Equation of Plane involving Intersection of planes

Question

Find a plane through $A$ $(2, 1, -1)$ and perpendicular to the line of intersection of the planes $2x + y - z = 3$ and $x + 2y + z = 2$. Not too sure of what to do here, I know I need to find the point of intersection of the planes, and I found two points that I think are on the line of intersection, $B$ ($5/3$ ,$0$ ,$1/3$) and $C$ ($4/3$, $1/3$, $0$ ). However, I don't know where to go from there, and with the plane needing to be perpendicular.

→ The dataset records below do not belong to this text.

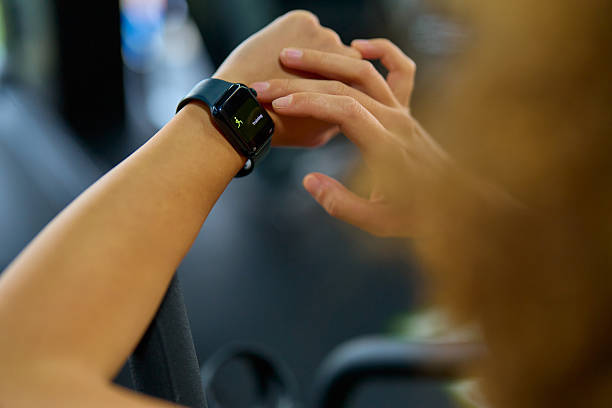 Athlete checking performance on smartwatch during workout at the gym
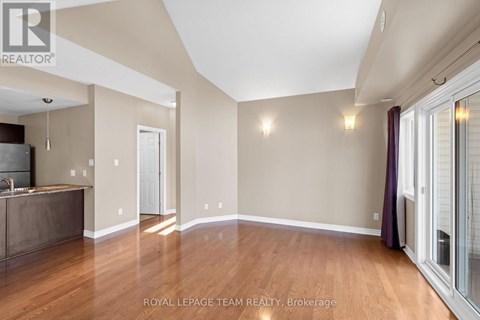 A spacious room with wooden floors and a kitchen area with a sink and stove.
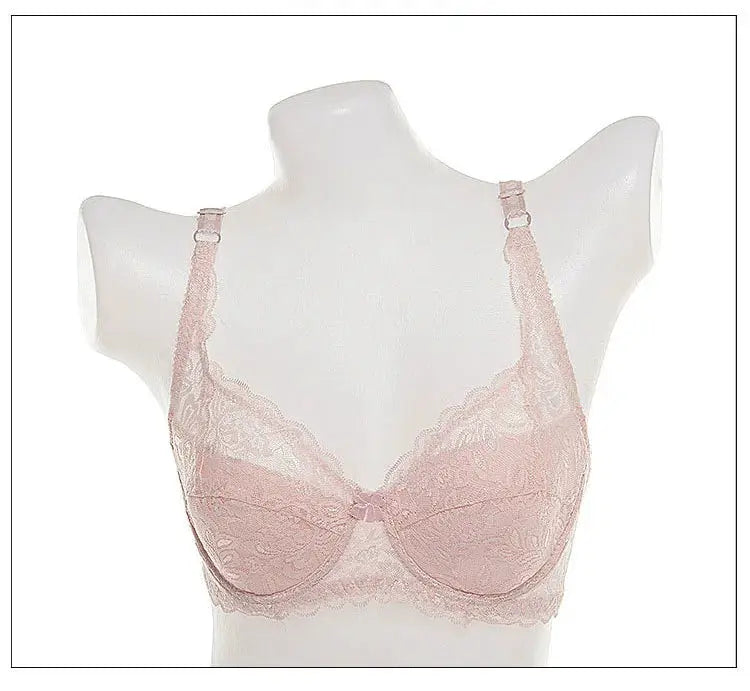 Women's pink lace underwire push-up bra displayed on a mannequin with adjustable straps.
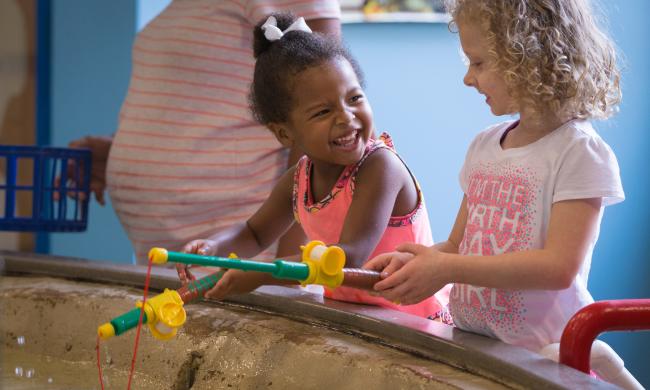 Two girls fishing with plastic toy fishing poles at an exhibit at the Children's Museum of Memphis.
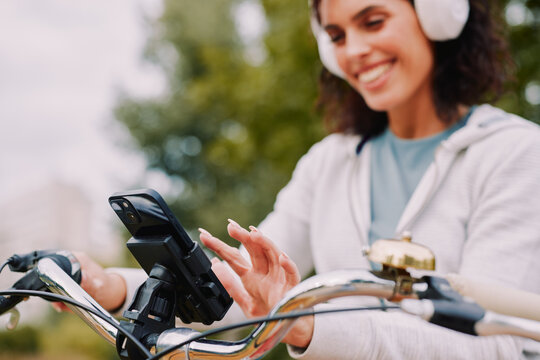 Woman cycling outdoors, interacting with a mounted smartphone for navigation or music selection while wearing headphones, smiling and enjoying active leisure time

Answer given is $x$-$y$+$z$=$0$ Any help is appreciated.

Answer 1

The sum of the two planes equations gives

$$x+y=\frac 53$$

thus $$y=\frac 53-x$$

and

$$z=2-x-2y=2-\frac{10}{3}+x$$

the line intersection of the two planes has parametric equations :

$$x=0+x$$ $$y=\frac 53-x$$ $$z=\frac{-4}{3}+x$$

the vector director of this line is $$(1,-1,1)$$

the plane perpendicular to this line has the equation $$x-y+z=d$$ it contains the point $(2,1,-1)$ if $$d=0$$

the equation you are looking for is $$\boxed{x-y+z=0}$$

Answer 2

Hint:

A directing vector of the intersection line of the two planes is the cross-product $u=\vec n_1\times \vec n_2$ of the normal vectors of the planes.

Once you calculated its coordinates, the equation of the plane you're after is, in vector form $$\vec u\cdot \overrightarrow{OM}=\vec u\cdot \overrightarrow{OA}.$$